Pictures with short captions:
--------------------------------------------------

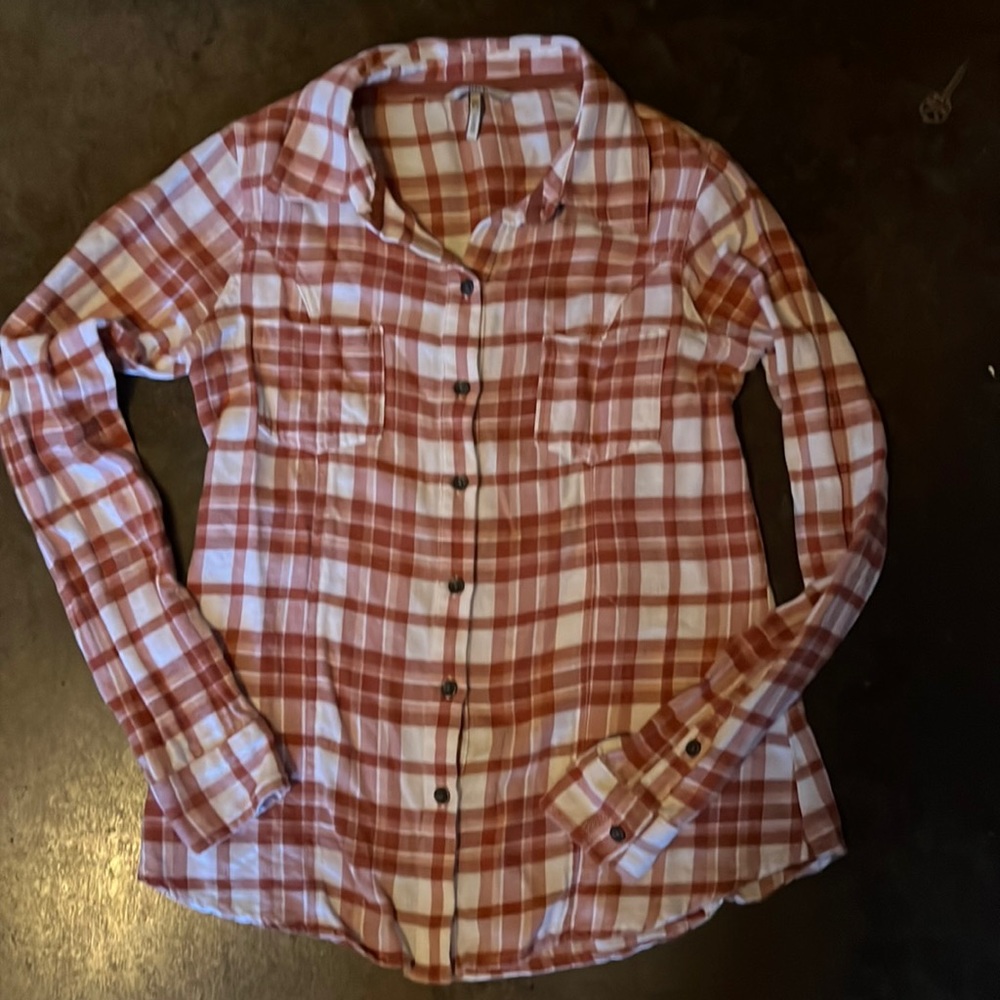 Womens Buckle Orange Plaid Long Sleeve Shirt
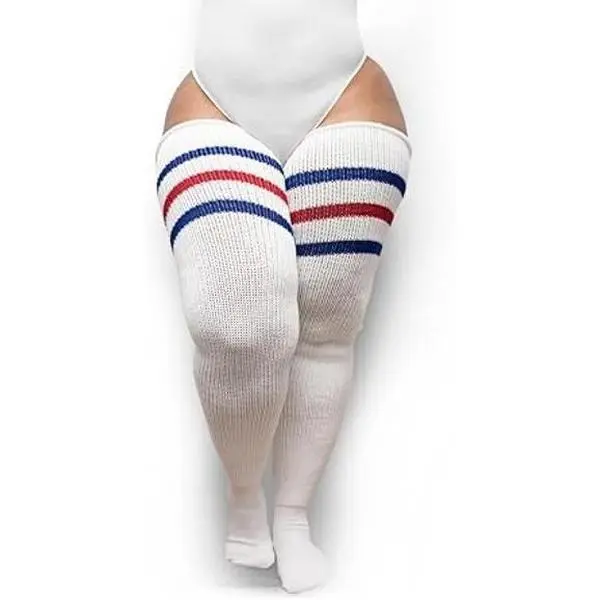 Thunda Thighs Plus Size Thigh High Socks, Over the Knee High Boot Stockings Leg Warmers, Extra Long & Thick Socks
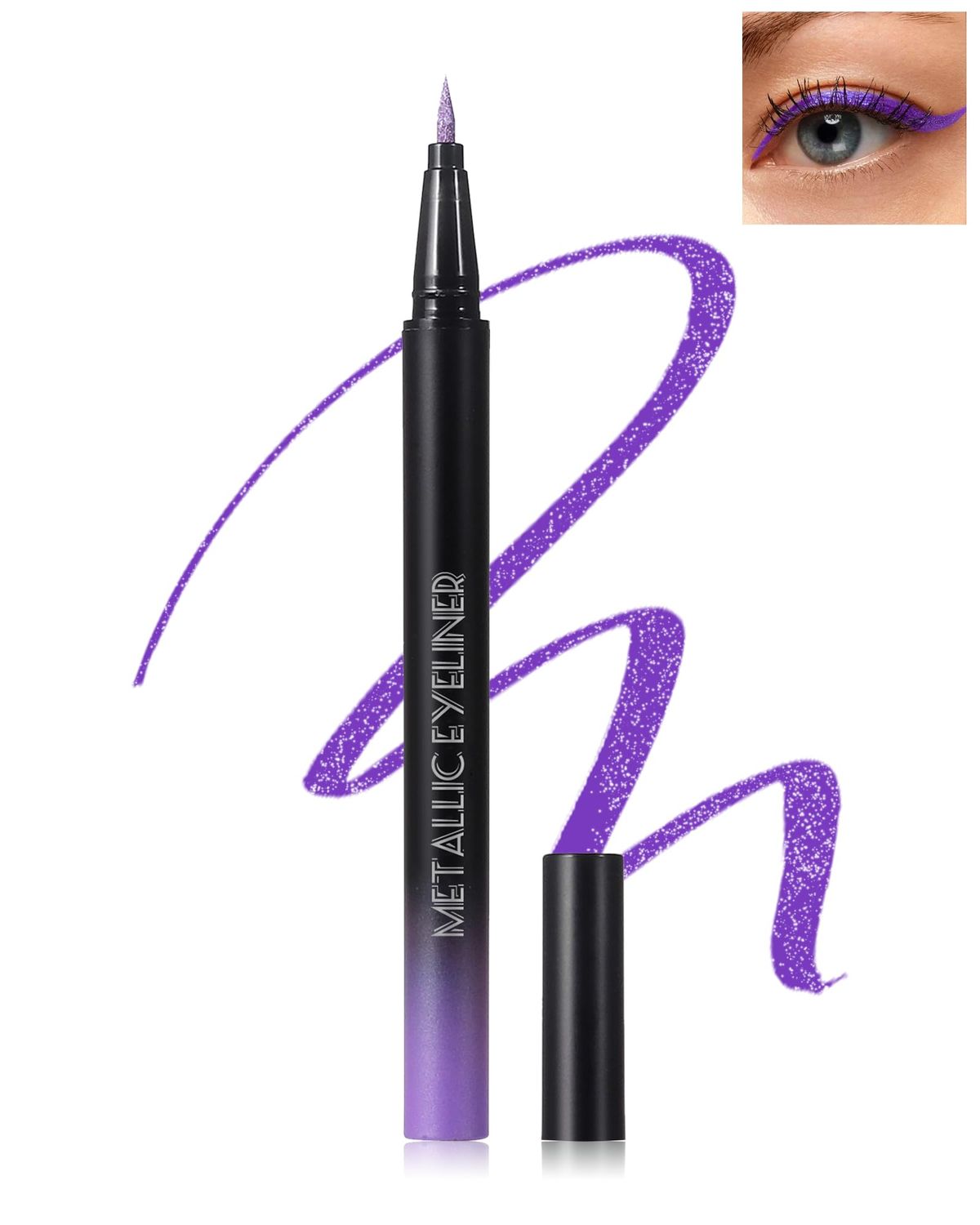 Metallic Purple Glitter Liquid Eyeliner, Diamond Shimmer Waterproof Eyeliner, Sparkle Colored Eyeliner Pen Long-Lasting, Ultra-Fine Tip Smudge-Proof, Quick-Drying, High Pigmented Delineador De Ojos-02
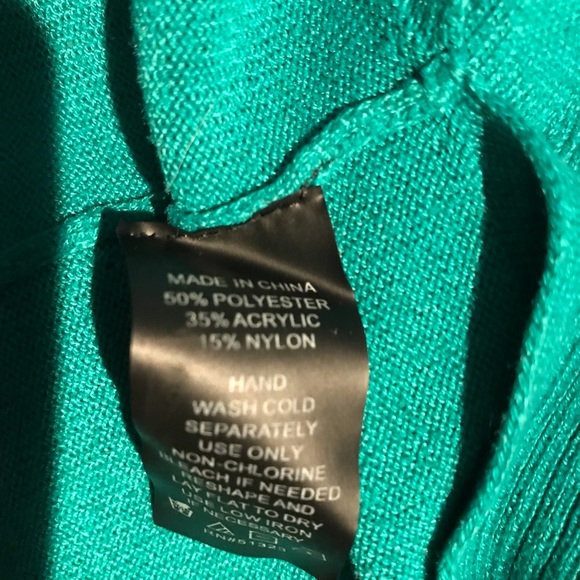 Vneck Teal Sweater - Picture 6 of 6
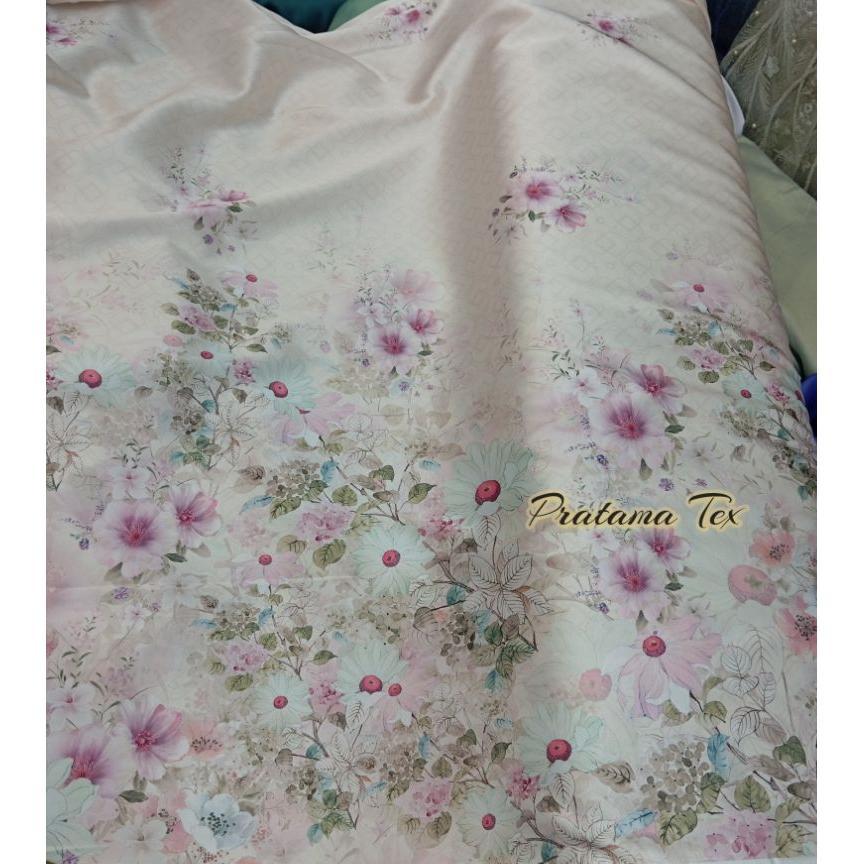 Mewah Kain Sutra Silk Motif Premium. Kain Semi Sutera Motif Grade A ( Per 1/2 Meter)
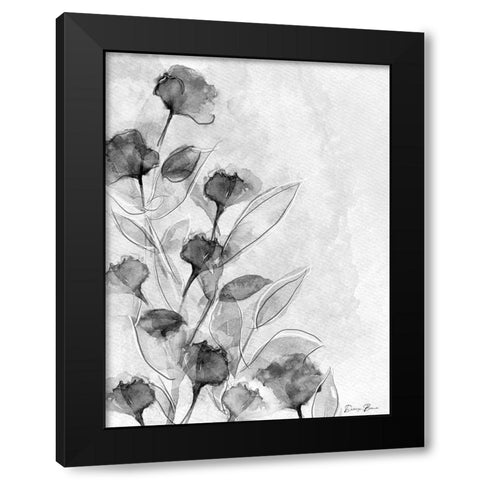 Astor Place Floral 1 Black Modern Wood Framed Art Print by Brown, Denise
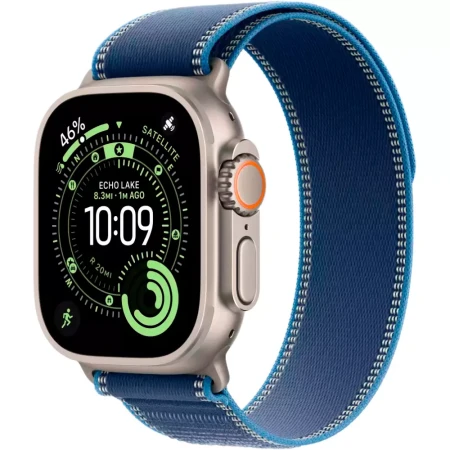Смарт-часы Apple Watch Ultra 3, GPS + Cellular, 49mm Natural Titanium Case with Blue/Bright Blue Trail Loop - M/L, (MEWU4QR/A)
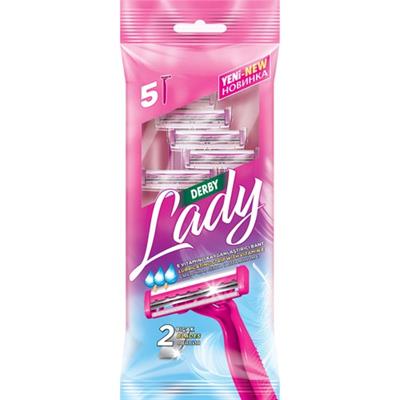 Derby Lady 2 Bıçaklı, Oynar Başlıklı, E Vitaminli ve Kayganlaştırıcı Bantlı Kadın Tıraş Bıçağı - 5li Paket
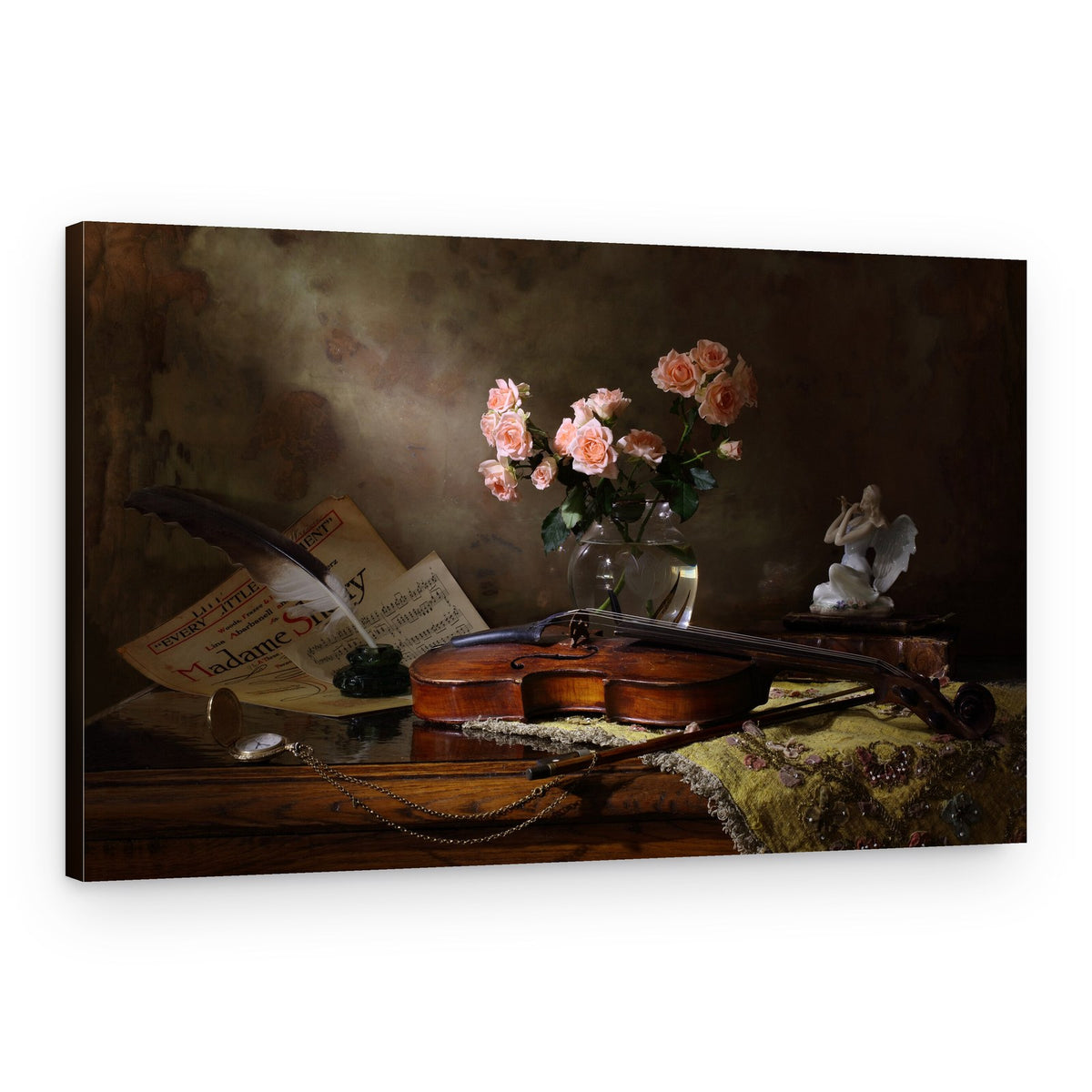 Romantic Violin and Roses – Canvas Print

--------------------------------------------------

ASSIGNMENT — Skip the pictures and quote each line of the entries above, from the first through the line with "Mewah Kain Sutra", exactly as it appears.

EXERCISE RESULT —
 Womens Buckle Orange Plaid Long Sleeve Shirt
 Thunda Thighs Plus Size Thigh High Socks, Over the Knee High Boot Stockings Leg Warmers, Extra Long & Thick Socks
 Metallic Purple Glitter Liquid Eyeliner, Diamond Shimmer Waterproof Eyeliner, Sparkle Colored Eyeliner Pen Long-Lasting, Ultra-Fine Tip Smudge-Proof, Quick-Drying, High Pigmented Delineador De Ojos-02
 Vneck Teal Sweater - Picture 6 of 6
 Mewah Kain Sutra Silk Motif Premium. Kain Semi Sutera Motif Grade A ( Per 1/2 Meter)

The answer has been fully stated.